This year, 2014, was the first time that I did not pass Christmas with my family. It also marks the first time that I spent Christmas mountain biking.
The Chi Phat community based ecotourism project is a project of Wildlife Alliance, based in the southwestern Cardamom Mountains of Cambodia. The Chi Phat village is home to about 2,000 people, many of whom are farmers in this protected area. This project is an attempt to integrate both the conservation of this wild area, and the economic development of its people. It is no small task.Though there are ongoing debates about community opinion, fairly shared profits, the right balance of environmental concern, and employment opportunities, this project remains the most impressive integration of conservation and development that I’ve ever seen. Former poachers are turned into wildlife rangers, and the wildlife is turned into a resource. Many local young people are employed as part time guides, and other households earn money by hosting tourists or providing food. This project has won multiple international awards. I was happy to support the project during my 5 days there.

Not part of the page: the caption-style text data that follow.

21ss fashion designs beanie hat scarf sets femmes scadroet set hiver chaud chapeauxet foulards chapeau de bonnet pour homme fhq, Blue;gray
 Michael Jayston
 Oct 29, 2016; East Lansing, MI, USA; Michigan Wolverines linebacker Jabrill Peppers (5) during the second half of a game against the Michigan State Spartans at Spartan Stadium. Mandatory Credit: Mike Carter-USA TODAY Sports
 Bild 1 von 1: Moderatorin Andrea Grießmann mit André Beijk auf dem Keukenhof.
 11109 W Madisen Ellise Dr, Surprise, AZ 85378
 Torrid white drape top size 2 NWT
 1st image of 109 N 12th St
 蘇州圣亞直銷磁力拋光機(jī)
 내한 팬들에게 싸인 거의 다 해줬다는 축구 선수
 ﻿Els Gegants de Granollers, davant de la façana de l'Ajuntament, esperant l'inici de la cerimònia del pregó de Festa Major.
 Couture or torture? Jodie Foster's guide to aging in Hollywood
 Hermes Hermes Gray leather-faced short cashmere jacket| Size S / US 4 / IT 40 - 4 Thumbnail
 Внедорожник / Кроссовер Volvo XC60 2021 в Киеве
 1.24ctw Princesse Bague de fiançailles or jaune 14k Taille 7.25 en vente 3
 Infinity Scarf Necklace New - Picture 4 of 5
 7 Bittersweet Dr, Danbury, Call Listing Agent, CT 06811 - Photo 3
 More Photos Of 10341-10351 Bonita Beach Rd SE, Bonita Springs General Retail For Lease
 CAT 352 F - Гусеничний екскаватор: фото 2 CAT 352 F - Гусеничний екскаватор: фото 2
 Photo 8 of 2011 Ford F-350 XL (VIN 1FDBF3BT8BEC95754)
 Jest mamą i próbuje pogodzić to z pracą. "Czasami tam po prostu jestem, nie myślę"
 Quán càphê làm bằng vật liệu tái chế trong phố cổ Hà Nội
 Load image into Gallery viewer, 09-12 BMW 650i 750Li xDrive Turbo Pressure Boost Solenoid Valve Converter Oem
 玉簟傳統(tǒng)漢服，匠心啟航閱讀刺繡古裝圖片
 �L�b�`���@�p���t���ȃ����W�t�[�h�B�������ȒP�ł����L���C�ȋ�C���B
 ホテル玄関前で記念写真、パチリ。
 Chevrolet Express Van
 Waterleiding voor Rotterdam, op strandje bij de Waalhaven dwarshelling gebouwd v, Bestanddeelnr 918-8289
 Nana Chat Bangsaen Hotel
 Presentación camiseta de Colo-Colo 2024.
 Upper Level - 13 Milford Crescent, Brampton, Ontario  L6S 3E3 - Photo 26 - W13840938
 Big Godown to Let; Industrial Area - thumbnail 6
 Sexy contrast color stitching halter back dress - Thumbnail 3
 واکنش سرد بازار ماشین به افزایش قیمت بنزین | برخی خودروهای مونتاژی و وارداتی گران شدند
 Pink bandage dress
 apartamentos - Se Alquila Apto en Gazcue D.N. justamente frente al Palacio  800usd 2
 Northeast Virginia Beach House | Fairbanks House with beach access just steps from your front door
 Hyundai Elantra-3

In between mountain biking , swimming in the river, and exploring the village, we also visited the Million Tree nursery, a reforestation project funded by Wildlife Alliance. The greenhouses were impressive, housing thousands and thousands of young trees and bushes. The reforestation effort was started in 2010, and it continues to grow every year.
Though these processes may move slowly, they are incredibly important. The Chi Phat project was inspiring and impactful to see. Conservation and development are not wholly mutually exclusive, but they do require careful thought and debate. It is projects like this one that are leading the way.